2013 novel by David Baldacci

King and Maxwell is a crime fiction novel written by American writer David Baldacci. This is the sixth and final installment in the King and Maxwell book series. The book was initially published on November 19, 2013, by Grand Central Publishing.

==Plot==

Tyler Wingo, a teenage boy, learns the awful news that his father Sam, a soldier, was killed in action in Afghanistan. Then the extraordinary happens: Tyler receives a communication from Sam after his supposed death. Tyler hires Sean and Michelle to solve the mystery surrounding his father. But their investigation quickly leads to deeper, more troubling questions. Meanwhile, Sam arrives back to the USA only to discover that a corrupt organization led by Alan Grant wants vengeance on the president of the USA for one of the previous ones causing his parents' deaths 25 years ago.

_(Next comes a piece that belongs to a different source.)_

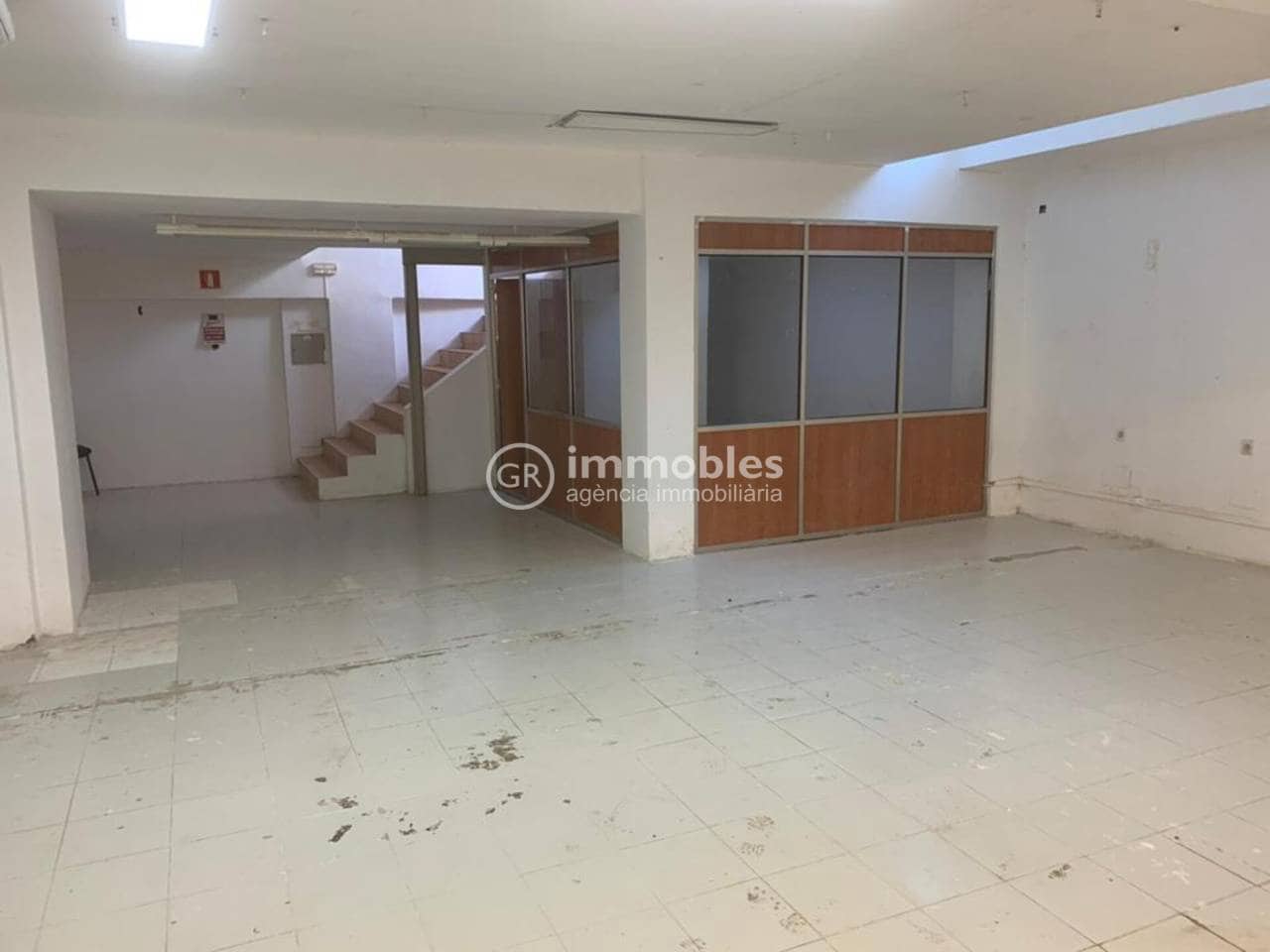Commercial for sale in Palma de Mallorca - € 252,000 (Ref: 9437976)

At the climax, Alan kidnaps Tyler and his friend Kathy while also hacking the president's limousine (with Michelle and the president in it) to drive into the Potomac River. Michelle and the president survive via exploding an oxygen tank to get them out while Sean and Sam rescue Tyler and Kathy. Sean and Michelle confront Sean's ex-wife Dana's husband Curtis Brown. They reveal that Curtis was part of Alan's plot. Before they can arrest him, Alan arrives with a dynamite vest, and Curtis sacrifices himself to take him out. Dana is given compensation for Curtis's death while Tyler and Sam are allowed to live in peace.